→ TASK MATERIAL:
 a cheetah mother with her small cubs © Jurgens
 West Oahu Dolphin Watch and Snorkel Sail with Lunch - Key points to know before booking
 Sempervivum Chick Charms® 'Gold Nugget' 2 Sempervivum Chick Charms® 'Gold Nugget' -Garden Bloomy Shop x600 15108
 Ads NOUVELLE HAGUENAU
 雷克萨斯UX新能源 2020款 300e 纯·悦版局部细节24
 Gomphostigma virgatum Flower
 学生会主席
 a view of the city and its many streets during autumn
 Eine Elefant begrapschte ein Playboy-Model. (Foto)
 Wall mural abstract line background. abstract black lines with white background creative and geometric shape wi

...

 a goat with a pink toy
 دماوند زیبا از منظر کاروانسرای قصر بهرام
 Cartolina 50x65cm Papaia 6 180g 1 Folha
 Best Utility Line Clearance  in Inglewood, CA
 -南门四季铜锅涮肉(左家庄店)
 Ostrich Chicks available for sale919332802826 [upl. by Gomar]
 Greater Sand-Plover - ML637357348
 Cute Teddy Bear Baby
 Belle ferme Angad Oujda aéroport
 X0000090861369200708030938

→ PROBLEM DETAILS: A verbatim transcription is needed of the lines above, starting at the line with "a cheetah mother" and ending at the line with "Wall mural abstract", both included, and of nothing else.

→ PROBLEM SOLUTION:
 a cheetah mother with her small cubs © Jurgens
 West Oahu Dolphin Watch and Snorkel Sail with Lunch - Key points to know before booking
 Sempervivum Chick Charms® 'Gold Nugget' 2 Sempervivum Chick Charms® 'Gold Nugget' -Garden Bloomy Shop x600 15108
 Ads NOUVELLE HAGUENAU
 雷克萨斯UX新能源 2020款 300e 纯·悦版局部细节24
 Gomphostigma virgatum Flower
 学生会主席
 a view of the city and its many streets during autumn
 Eine Elefant begrapschte ein Playboy-Model. (Foto)
 Wall mural abstract line background. abstract black lines with white background creative and geometric shape wi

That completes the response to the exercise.